Thursday, August 01, 2013

A tale of two gnomes, Mets pride and Yankee shame

This is a tale of two gnomes, and I warn you, it’s not pretty.

I was pretty excited when this very classy gnome arrived on Wednesday.

There’s a lot going on here.

First, like everyone else, he’s celebrating the Mets hosting the All-Star for the first time since 1964. But he was lucky enough to find a giant apple – or a Big Apple – with the game logo as his own very special souvenir.

I was thinking my cap, program and mini “Apples on Parade” figure were pretty cool, but our gnome friend clearly has me beat.

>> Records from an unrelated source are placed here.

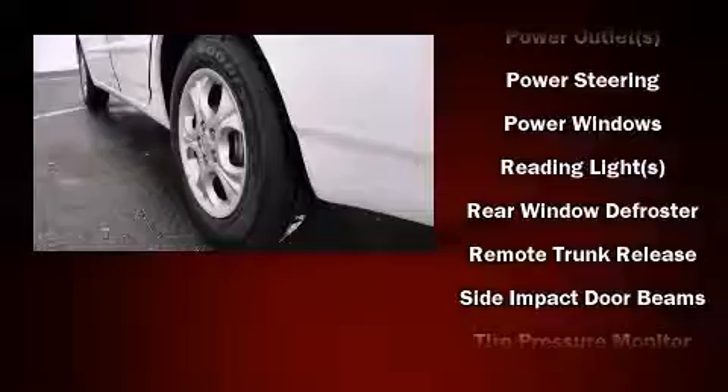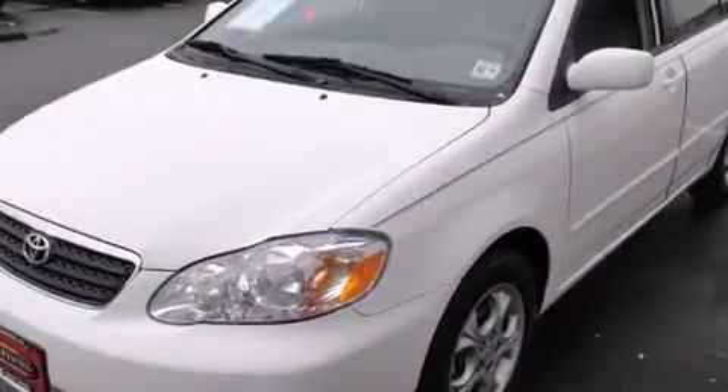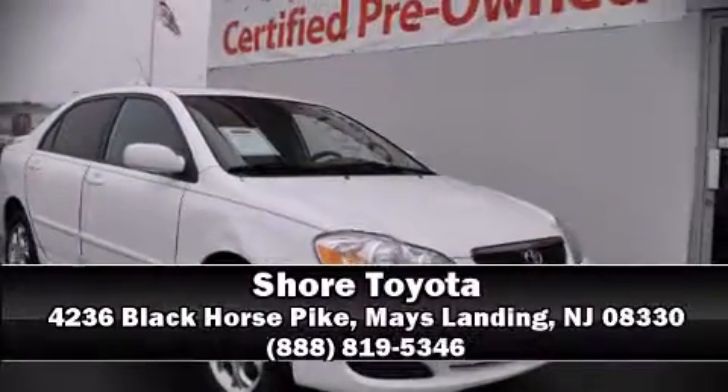All of the premium features expected of a Toyota are offered, including front and rear cup holders, a tachometer, and more. Stop by our dealership or give us a call for more information.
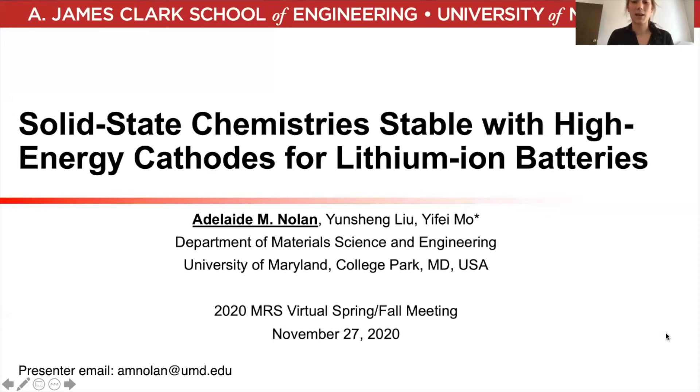Hi, my name is Addie Nolan, and I'm a graduate student in Professor Ife Mo's group in the Department of Materials Science and Engineering at the University of Maryland, College Park. Welcome to my talk entitled, Solid-State Chemistry is Stable with High-Energy Cathodes for Lithium-Ion Batteries.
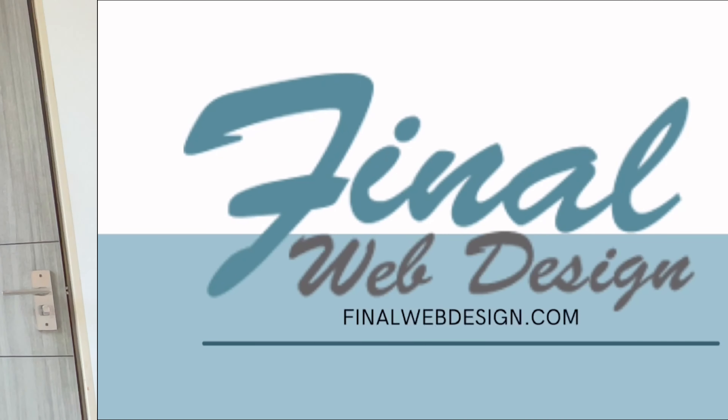This is Steve with Final Web Design. We received a request for a new website you're building. Hey Daniel, this is Steve. Is Daniel available? Yeah, that's me. Okay, I just had a few questions if it's an okay time so I could get you a proposal.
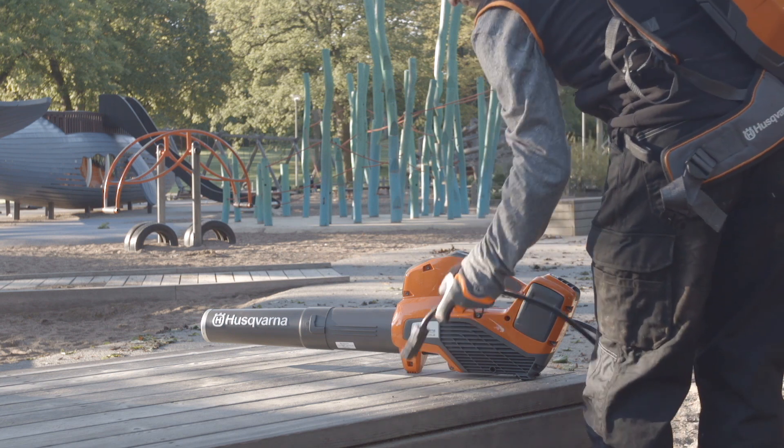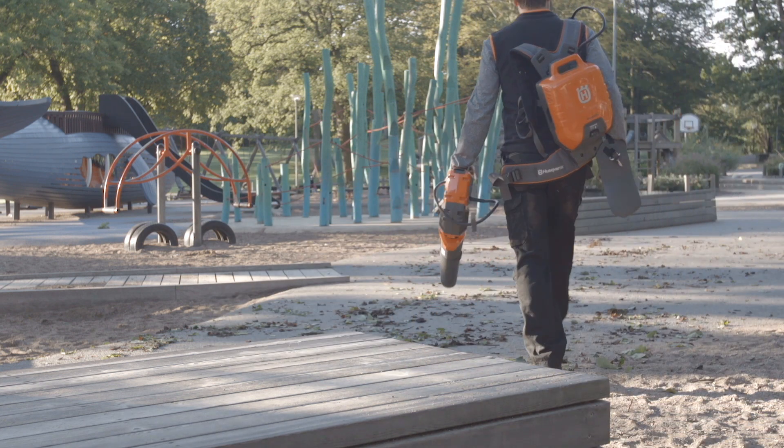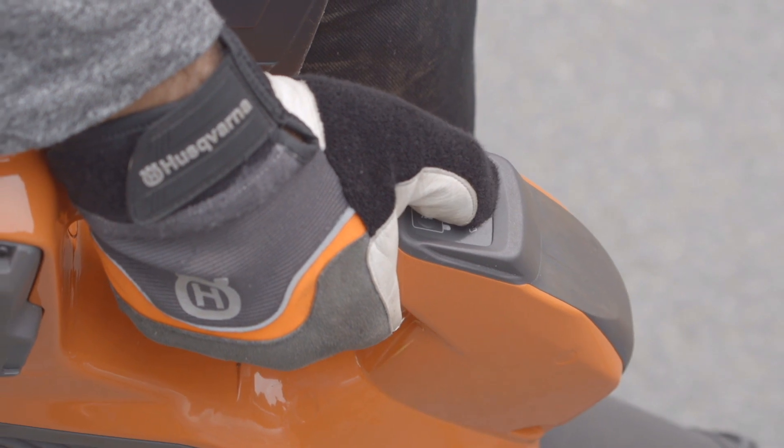The blowers in Husqvarna Pro Battery Series are designed for professionals like landscapers, contractors, municipalities, and service staff who want a very quiet and easy-to-use blower with high performance.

When you get something that cool, you’re not just going to park it on the shelf. You’re going to show it off. That means getting into the spirit of things with a fancy outfit.

Your options there are:

A)     A Mets jersey and cap, proclaiming your love for the Amazin’s.
B)      Lady Liberty.

I see the gnome working here. He couldn’t decide between wearing his David Wright jersey or his Matt Harvey jersey, making Lady Liberty the obvious choice, forever lifting her lamp beside the Golden Door, which, I believe, is the Seaver Gate at Citi Field.

All in all, it’s a dignified approach. And, incredibly, I found it on clearance at

I thought my family would share in their appreciation for this very special souvenir, and prepared a spot for it on the living room mantle.

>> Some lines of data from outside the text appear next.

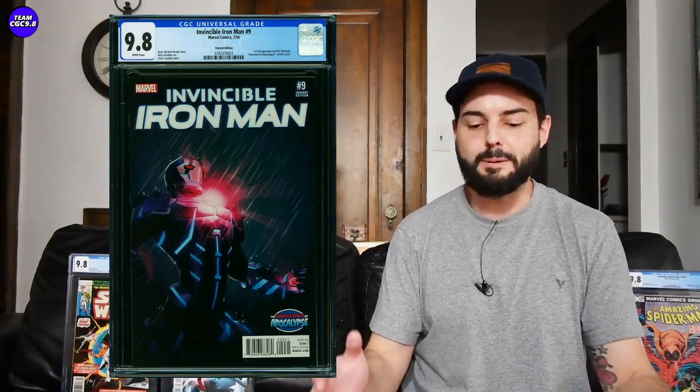Invincible Iron Man number nine, the variant edition — first full appearance of Riri Williams — and this variant has really nice eye appeal. I haven't really followed it because it's not one I would buy, but now she's confirmed in all these movies and it's just super expensive. Selling for $4,877. This is going to be a fun one to watch because if Riri comes out in MCU movies for the next 10 years, there could still be more upside. It could be like an Ultimate Fallout 4 variant where it just defies the odds because it's the more rare version of a big first appearance.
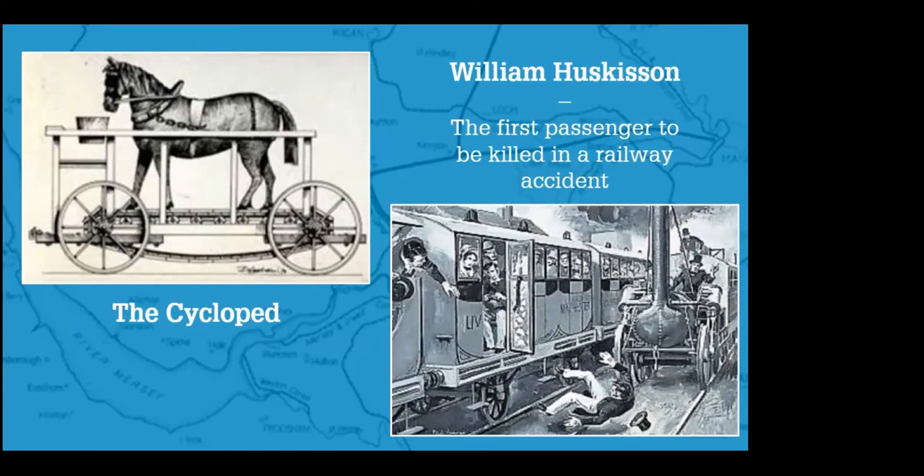The Liverpool to Manchester Railway opened and it was an instant success. Although the original idea had been for it to mainly carry cotton, more and more people wanted to use the railway to travel back and forth between Liverpool and Manchester. So it became more important as a passenger railway, and because it was so successful and made lots of money, it led to other railways being built in Britain. The Liverpool to Manchester Railway of 1830 is often called the first modern railway — the first one that had timetables, proper carriages and proper stations.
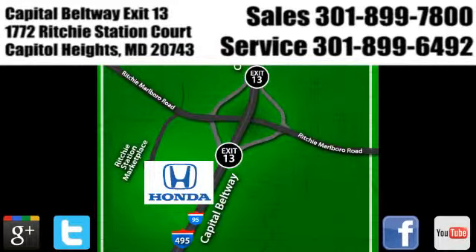We're conveniently located on the Capitol Beltway at Exit 13, 1772 Ritchie Station Court in Capitol Heights, Maryland.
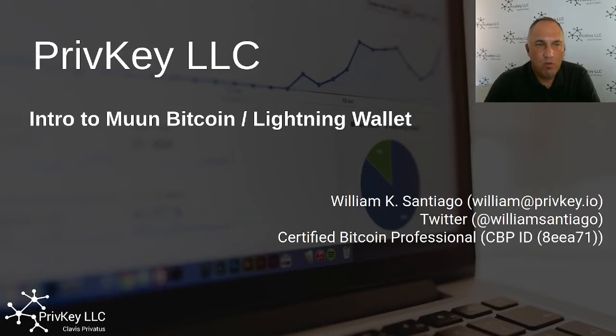Welcome back. My name is William Santiago. I have another webinar. This one is specifically on Moon Bitcoin, or Muun Wallet, Bitcoin Lightning Wallet. It's an introduction to this wallet to explain the usage of the wallet and the importance of using the wallet for my viewers. So let's get started.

Alas, they recoiled in horror, as if a statue of a gnome sitting on an All-Star Game apple wearing a Statue of Liberty costume was not the coolest thing ever.

Apparently friend and colleague Dave Pelland was inspired to go searching on to see if there were any All-Star Game gnomes still available.

Instead, he found this creepy scary gnome.

You need to know that Dave has experienced true terror.

We spent a year working in the Bridgeport Post’s North Bureau, enduring conditions and abuses that decorum prevents us from describing here.

Those experiences must have hardened him, because he was not freaked out by this other gnome.

The website calls it “New York Mets Mad Hatter Gnome.” I call it “Mascot Slaying Gnome.” This gnome has what appears to be the severed head of the beloved Mr. Met replacing its traditional pointy gnome cap. He also has a sawed-off bat and four baseballs.

Your repulsion to this new gnome, also remarkably on clearance, will depend entirely on how you view Mr. Met.

If you are one of those people who insist that Mr. Met is a guy wearing a mascot costume, this gnome will frighten you.

It appears that the hooligan gnome used his bat to pummel the poor intern wearing the costume, knocking him unconscious and stealing the costume’s head, because it’s not like someone playing Mr. Met is going to give up the head willingly. This gnome is a thug and a thief.

But the rest of us know that Mr. Met is a living being so devoted to our team that his over-sized noggin has taken on the appearance of a baseball.

That means our gnome has gone down a more sinister route. He’s probably a Yankee fan, distraught over the impending lifetime ban of Alex Rodriguez.

Of course, ARod is only the latest Yankee busted for using performance-enhancing drugs. Considering the accusations surrounding Roger Clemens, Andy Pettitte, Jason Giambi, Aaron Boone and other True Yankees, the Bombers are perhaps the most roided-up franchise in the sport.

The team is a fraud. The 2000 World Series trophy should be awarded to its rightful owners, which would be the Mets. (The Yankees should return their other trophies, too, but I don’t care about those as much.)

Confronted with the realization that the much-heralded “Yankee Magic” comes in a syringe, the gnome apparently snapped. He searched out the living symbol of all that is good: Mr. Met.

Filled with rage, the deranged gnome whacked Mr. Met from behind with his sawed-off bat, severing his head and, in a particularly ghoulish gesture, removed his pointed Yankee cap and replaced it with the lifeless but still smiling head of our mascot friend.

It’s like a scene from “Texas Chainsaw Massacre,” with this gnome as Leather Face.

I understand the shame that must come from being a Yankee fan. But slaughtering innocent mascots and wandering around with body parts worn like trophies is simply unacceptable. And it’s certainly not appropriate for the mantle in the family room.

So, perhaps, once my family learns about the alternative, murderous gnomes out there, I’m sure they’ll welcome my apple-sitting, Liberty costume-wearing gnome as a beacon of taste and a worthy companion to the injured and retired Gnome of Victory and Celebration and his intact replacement.